PR Tips | Nailing Your Interview on Talk Radio
Speaking on a news or talk radio program can be a great way to spread your message to a large, reasonably captive audience.
Your quote for a newspaper article may run only a sentence or two. Television can require travel — not to mention hours in the make-up chair — just for a 10-second segment that may end up on the cutting-room floor.
A radio interview, on the other hand, can run anywhere from five minutes to an hour or more. You can fit a whole lot more than 800 words in that chunk of time. And there’s no risk of your segment being edited out.
But contrary to popular belief, long-winded bloviators are not welcome on the air. It’s important to be short, clear, and to the point.
Talking points are an interviewee’s friend. It can be tough to think on your feet during a live interview, so having prepared material at the ready can save you from an awkward pause — or “umm”-ing, “ahh”-ing, and “like”-ing your way through your spot.
Here are some other tips for shining on the radio.
– Approach the interview as if it’s a friendly conversation. Address the host by name, and thank him or her for having you on. Know the market for the show, and make reference to it. “It’s great to be with you, Sean, and with all WXYZ’s listeners in Detroit.” Those little touches can go a long way to ingratiating yourself with the host — and may lead to an invite back.

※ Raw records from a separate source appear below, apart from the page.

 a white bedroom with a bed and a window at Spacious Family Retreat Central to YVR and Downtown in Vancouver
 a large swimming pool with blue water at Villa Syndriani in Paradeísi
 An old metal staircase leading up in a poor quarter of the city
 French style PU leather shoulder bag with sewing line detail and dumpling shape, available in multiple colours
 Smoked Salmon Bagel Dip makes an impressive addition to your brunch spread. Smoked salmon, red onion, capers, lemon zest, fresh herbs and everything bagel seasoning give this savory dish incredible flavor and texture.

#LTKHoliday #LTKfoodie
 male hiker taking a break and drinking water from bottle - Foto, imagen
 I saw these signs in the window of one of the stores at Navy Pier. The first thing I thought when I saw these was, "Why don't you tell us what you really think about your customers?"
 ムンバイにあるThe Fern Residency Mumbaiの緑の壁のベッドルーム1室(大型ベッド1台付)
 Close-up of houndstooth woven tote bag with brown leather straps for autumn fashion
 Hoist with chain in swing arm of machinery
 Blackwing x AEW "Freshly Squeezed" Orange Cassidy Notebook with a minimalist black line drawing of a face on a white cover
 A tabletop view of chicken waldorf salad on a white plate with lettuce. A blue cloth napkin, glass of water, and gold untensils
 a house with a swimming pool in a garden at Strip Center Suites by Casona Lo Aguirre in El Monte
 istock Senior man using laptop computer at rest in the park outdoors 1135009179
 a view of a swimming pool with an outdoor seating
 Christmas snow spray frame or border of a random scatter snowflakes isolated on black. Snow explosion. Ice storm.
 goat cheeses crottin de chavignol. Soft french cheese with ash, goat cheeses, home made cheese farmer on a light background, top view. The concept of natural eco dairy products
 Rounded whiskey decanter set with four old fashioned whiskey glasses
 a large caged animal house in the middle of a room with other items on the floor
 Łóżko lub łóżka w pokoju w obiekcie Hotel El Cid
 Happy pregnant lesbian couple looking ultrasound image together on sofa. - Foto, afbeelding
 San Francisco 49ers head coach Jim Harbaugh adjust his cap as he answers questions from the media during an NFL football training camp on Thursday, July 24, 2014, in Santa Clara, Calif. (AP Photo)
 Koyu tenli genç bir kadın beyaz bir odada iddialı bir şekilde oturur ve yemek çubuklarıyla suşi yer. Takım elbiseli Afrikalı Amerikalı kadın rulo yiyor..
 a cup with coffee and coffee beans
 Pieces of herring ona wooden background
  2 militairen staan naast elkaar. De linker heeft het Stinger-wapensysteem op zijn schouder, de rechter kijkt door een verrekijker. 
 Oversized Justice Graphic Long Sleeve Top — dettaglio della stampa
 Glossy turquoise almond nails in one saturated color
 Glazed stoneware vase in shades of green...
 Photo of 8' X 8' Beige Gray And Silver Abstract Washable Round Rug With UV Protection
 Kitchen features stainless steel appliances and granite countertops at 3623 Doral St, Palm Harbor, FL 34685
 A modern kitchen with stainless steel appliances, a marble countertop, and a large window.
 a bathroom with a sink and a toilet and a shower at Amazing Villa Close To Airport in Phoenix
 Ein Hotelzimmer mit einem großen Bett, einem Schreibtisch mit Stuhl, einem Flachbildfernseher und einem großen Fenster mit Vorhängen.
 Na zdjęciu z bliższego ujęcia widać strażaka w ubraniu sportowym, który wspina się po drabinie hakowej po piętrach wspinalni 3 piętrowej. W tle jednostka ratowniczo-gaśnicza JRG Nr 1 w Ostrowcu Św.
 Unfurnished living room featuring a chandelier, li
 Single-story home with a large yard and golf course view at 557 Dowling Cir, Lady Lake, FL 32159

– Make your talking points snappy. Sure, it’s true that there are 522,144 postal workers in the United States. But it’s more fun to say that you could line them all up end to end and they’d stretch from DC to Akron and back.
– Don’t be afraid to steer the conversation in the direction you’d like to go. You can’t control the questions that a host asks — but you can control your answers. “That’s a great question, Mr. Host. But before I get to that, I’d like to mention [INSERT YOUR TALKING POINT HERE] . . .”
– Have fun! The best radio guests are those who have some personality, who engage with the host and with the audience, and who have interesting things to say.
Follow these simple rules, and you just might become a regular on the radio.